▸ Excerpted records:
• • •
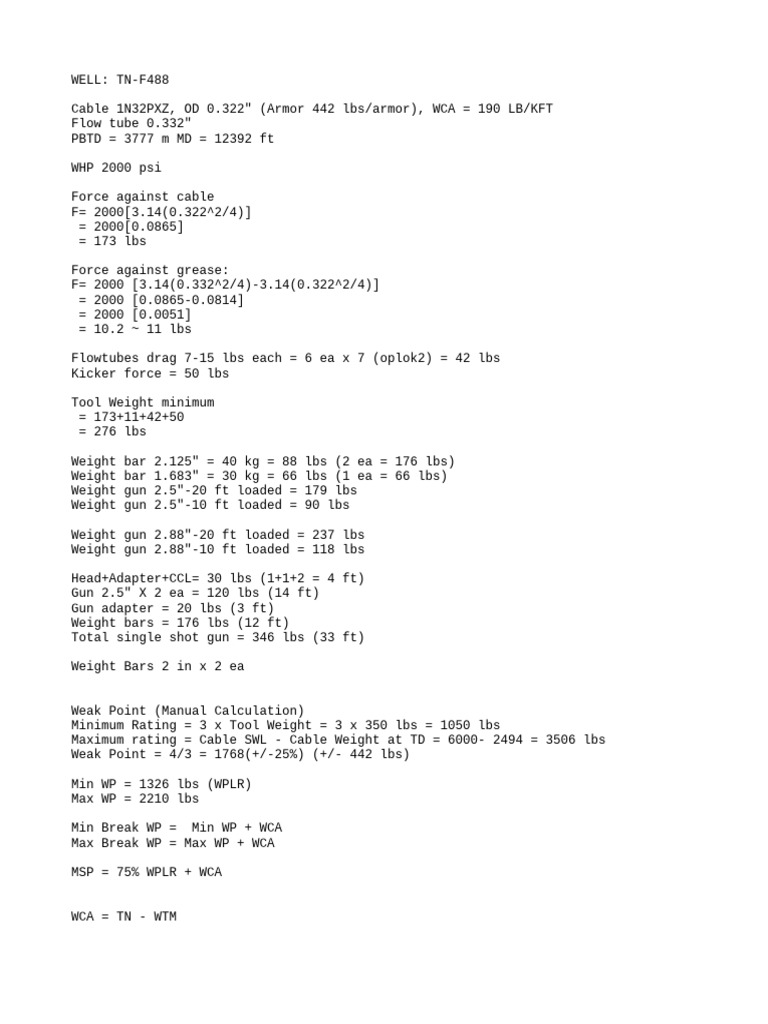 Cable Weight and Tool Force Calculations | PDF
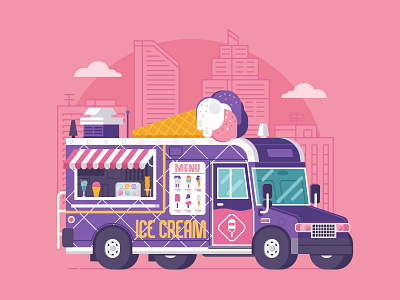 Summer Ice Cream Truck car flat design food ice cream ice cream parlor summer truck van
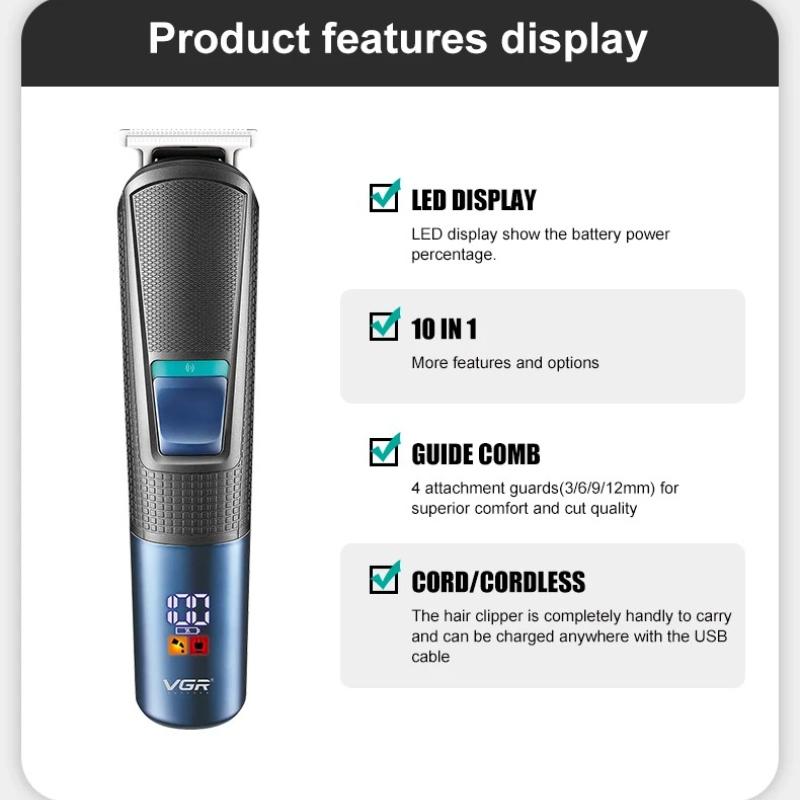 Original VGR 108 Multi-functional Hair Clipper 5-in-1 Rechargeable Shaving Nose Sideburns Electric Trimmer for Men Electric Digital Display LED Shaver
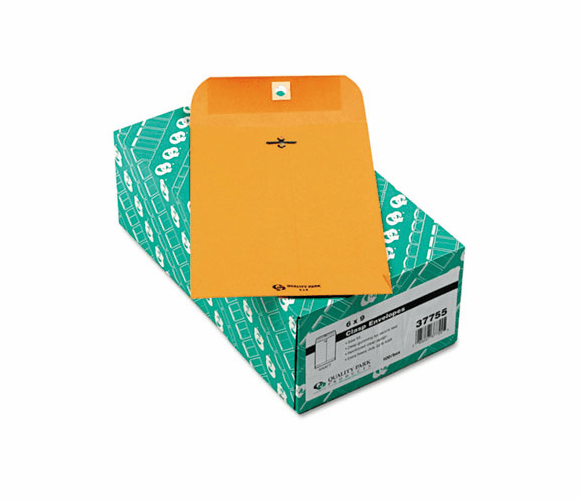 QUA37755 Clasp Envelope, 6 x 9, 32lb, Light Brown, 100/Box By QUALITY PARK PRODUCTS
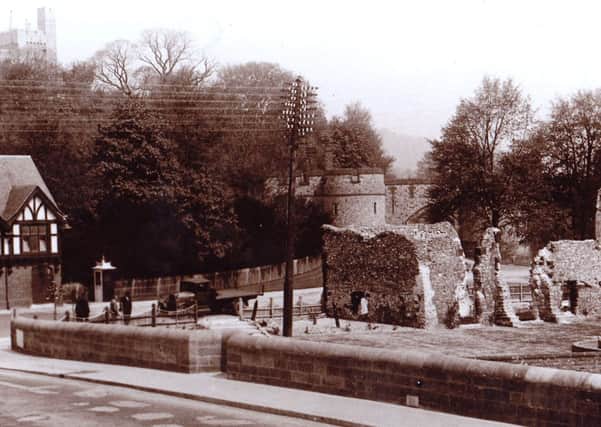 The newly rebuilt bridge, with the Dominican Friary in the background, c1936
• • •
Print out the whole listing word for word. Leave the pictures out.

▸ Exercise answer:
 Cable Weight and Tool Force Calculations | PDF
 Summer Ice Cream Truck car flat design food ice cream ice cream parlor summer truck van
 Original VGR 108 Multi-functional Hair Clipper 5-in-1 Rechargeable Shaving Nose Sideburns Electric Trimmer for Men Electric Digital Display LED Shaver
 QUA37755 Clasp Envelope, 6 x 9, 32lb, Light Brown, 100/Box By QUALITY PARK PRODUCTS
 The newly rebuilt bridge, with the Dominican Friary in the background, c1936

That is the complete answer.